Both the line below containing "Honeywell ID3000 Guia De Inicio Rapido" and the line containing "一乗寺赤ノ宮町(京都市左京区", along with every line between them, should be repeated exactly; no other line belongs in the answer.

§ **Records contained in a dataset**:
=== Section Start ===
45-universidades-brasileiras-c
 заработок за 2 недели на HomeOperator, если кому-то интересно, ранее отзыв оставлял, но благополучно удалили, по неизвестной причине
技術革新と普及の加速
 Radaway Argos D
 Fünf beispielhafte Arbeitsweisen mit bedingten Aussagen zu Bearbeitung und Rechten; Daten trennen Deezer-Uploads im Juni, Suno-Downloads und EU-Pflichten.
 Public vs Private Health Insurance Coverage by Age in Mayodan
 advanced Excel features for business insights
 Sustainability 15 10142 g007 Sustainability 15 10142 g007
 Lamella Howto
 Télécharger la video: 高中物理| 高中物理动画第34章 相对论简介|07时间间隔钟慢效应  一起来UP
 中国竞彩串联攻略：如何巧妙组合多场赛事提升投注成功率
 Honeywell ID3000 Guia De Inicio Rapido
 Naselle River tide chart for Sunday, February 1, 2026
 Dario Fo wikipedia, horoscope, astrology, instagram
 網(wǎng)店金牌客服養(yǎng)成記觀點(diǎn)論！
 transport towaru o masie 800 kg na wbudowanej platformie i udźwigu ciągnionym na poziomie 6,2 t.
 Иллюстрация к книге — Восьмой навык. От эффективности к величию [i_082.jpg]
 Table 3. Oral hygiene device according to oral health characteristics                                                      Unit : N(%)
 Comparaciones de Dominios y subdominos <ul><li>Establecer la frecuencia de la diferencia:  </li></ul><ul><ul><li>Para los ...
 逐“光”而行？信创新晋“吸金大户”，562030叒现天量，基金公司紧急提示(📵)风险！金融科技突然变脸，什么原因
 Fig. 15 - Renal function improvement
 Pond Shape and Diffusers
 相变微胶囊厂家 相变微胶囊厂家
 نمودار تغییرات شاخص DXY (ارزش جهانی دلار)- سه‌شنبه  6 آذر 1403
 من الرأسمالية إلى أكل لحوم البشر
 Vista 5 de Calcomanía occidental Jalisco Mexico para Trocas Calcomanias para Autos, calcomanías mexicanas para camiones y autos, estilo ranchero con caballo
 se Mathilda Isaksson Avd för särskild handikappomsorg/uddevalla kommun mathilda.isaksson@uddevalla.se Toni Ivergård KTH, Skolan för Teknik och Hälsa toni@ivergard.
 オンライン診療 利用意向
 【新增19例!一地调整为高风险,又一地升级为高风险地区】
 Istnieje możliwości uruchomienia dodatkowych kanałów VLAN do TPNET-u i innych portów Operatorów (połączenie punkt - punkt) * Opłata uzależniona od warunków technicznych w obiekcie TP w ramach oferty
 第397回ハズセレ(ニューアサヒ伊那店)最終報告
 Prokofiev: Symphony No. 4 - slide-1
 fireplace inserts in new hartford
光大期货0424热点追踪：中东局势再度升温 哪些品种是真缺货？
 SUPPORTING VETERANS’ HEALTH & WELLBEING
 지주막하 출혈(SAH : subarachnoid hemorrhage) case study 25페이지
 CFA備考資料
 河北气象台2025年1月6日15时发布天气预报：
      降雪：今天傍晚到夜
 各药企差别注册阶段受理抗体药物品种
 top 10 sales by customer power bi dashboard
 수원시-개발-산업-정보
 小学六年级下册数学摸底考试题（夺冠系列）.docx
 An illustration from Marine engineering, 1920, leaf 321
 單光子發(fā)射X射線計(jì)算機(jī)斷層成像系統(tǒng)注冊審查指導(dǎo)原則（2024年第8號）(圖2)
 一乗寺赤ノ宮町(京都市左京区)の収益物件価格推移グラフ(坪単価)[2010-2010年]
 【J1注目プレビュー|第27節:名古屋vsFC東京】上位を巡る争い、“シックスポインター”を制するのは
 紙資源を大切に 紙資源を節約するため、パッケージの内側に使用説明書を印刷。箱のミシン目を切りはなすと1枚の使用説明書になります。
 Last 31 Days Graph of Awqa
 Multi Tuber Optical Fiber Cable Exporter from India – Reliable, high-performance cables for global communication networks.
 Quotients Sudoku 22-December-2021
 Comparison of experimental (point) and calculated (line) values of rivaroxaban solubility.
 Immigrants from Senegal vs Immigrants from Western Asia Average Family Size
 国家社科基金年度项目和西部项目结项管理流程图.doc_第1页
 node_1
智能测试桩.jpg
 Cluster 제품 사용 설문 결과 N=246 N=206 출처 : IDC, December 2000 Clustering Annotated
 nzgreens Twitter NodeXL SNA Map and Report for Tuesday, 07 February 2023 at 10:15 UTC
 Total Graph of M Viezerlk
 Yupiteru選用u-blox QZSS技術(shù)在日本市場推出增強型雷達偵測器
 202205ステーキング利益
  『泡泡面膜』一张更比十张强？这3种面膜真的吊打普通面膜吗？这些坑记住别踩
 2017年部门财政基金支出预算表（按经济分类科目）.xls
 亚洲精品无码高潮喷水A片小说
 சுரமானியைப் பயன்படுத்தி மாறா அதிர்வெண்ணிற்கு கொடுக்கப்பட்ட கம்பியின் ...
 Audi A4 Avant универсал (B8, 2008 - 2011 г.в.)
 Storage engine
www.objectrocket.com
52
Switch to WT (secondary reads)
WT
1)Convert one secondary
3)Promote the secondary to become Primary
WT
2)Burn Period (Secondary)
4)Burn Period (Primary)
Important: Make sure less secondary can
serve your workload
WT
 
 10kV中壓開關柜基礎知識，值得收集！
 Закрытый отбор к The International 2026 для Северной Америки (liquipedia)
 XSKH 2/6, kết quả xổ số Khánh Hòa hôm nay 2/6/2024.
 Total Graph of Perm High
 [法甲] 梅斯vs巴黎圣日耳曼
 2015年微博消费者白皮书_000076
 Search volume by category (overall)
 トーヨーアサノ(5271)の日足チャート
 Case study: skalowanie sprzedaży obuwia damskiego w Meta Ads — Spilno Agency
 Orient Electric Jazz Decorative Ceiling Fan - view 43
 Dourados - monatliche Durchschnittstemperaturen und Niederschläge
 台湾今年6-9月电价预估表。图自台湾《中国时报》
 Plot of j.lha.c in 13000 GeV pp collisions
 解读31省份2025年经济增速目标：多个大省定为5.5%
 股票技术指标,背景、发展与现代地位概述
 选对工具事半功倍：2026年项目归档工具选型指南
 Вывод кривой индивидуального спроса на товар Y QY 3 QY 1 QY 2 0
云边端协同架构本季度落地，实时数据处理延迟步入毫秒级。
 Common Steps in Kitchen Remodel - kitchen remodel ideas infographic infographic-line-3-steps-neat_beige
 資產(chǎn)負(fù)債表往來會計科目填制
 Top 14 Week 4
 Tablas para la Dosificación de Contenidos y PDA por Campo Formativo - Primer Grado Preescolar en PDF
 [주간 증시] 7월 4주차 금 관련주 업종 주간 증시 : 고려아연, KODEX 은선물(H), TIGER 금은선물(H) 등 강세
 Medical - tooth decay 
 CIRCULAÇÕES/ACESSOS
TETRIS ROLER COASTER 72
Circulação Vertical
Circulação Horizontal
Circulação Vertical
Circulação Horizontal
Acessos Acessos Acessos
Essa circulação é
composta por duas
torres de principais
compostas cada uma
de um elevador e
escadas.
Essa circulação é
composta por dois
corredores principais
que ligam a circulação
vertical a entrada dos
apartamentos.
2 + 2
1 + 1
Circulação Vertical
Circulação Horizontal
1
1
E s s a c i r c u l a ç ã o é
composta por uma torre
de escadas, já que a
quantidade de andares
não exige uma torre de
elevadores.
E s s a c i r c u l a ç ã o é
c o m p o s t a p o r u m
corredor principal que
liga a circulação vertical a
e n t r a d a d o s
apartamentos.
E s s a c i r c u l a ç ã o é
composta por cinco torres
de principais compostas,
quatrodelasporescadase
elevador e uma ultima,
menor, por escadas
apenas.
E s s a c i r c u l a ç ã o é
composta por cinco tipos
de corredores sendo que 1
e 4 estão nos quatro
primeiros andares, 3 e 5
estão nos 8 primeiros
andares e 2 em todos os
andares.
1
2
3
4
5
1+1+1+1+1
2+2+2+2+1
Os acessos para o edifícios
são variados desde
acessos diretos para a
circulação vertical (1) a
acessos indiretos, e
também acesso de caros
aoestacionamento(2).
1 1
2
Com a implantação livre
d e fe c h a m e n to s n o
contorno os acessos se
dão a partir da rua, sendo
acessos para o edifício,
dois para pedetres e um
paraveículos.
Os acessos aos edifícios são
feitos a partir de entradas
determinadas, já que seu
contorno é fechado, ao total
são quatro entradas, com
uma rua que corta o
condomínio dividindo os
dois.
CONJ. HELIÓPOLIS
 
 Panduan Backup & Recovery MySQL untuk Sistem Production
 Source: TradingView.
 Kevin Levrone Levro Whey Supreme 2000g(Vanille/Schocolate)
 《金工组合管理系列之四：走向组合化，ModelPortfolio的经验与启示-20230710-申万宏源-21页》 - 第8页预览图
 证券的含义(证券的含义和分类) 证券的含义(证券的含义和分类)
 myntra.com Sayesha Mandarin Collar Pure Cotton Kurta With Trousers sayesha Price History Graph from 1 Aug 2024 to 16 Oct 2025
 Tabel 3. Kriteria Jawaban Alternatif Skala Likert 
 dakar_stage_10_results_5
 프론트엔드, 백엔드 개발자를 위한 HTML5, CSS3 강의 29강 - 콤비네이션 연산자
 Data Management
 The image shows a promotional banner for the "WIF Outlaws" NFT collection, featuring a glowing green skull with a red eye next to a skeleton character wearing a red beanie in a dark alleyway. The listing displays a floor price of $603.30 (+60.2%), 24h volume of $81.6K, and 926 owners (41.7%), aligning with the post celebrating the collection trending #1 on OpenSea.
=== Section End ===
§ **OUTPUT FOR THIS TASK**:
 Honeywell ID3000 Guia De Inicio Rapido
 Naselle River tide chart for Sunday, February 1, 2026
 Dario Fo wikipedia, horoscope, astrology, instagram
 網(wǎng)店金牌客服養(yǎng)成記觀點(diǎn)論！
 transport towaru o masie 800 kg na wbudowanej platformie i udźwigu ciągnionym na poziomie 6,2 t.
 Иллюстрация к книге — Восьмой навык. От эффективности к величию [i_082.jpg]
 Table 3. Oral hygiene device according to oral health characteristics                                                      Unit : N(%)
 Comparaciones de Dominios y subdominos <ul><li>Establecer la frecuencia de la diferencia:  </li></ul><ul><ul><li>Para los ...
 逐“光”而行？信创新晋“吸金大户”，562030叒现天量，基金公司紧急提示(📵)风险！金融科技突然变脸，什么原因
 Fig. 15 - Renal function improvement
 Pond Shape and Diffusers
 相变微胶囊厂家 相变微胶囊厂家
 نمودار تغییرات شاخص DXY (ارزش جهانی دلار)- سه‌شنبه  6 آذر 1403
 من الرأسمالية إلى أكل لحوم البشر
 Vista 5 de Calcomanía occidental Jalisco Mexico para Trocas Calcomanias para Autos, calcomanías mexicanas para camiones y autos, estilo ranchero con caballo
 se Mathilda Isaksson Avd för särskild handikappomsorg/uddevalla kommun mathilda.isaksson@uddevalla.se Toni Ivergård KTH, Skolan för Teknik och Hälsa toni@ivergard.
 オンライン診療 利用意向
 【新增19例!一地调整为高风险,又一地升级为高风险地区】
 Istnieje możliwości uruchomienia dodatkowych kanałów VLAN do TPNET-u i innych portów Operatorów (połączenie punkt - punkt) * Opłata uzależniona od warunków technicznych w obiekcie TP w ramach oferty
 第397回ハズセレ(ニューアサヒ伊那店)最終報告
 Prokofiev: Symphony No. 4 - slide-1
 fireplace inserts in new hartford
光大期货0424热点追踪：中东局势再度升温 哪些品种是真缺货？
 SUPPORTING VETERANS’ HEALTH & WELLBEING
 지주막하 출혈(SAH : subarachnoid hemorrhage) case study 25페이지
 CFA備考資料
 河北气象台2025年1月6日15时发布天气预报：
      降雪：今天傍晚到夜
 各药企差别注册阶段受理抗体药物品种
 top 10 sales by customer power bi dashboard
 수원시-개발-산업-정보
 小学六年级下册数学摸底考试题（夺冠系列）.docx
 An illustration from Marine engineering, 1920, leaf 321
 單光子發(fā)射X射線計(jì)算機(jī)斷層成像系統(tǒng)注冊審查指導(dǎo)原則（2024年第8號）(圖2)
 一乗寺赤ノ宮町(京都市左京区)の収益物件価格推移グラフ(坪単価)[2010-2010年]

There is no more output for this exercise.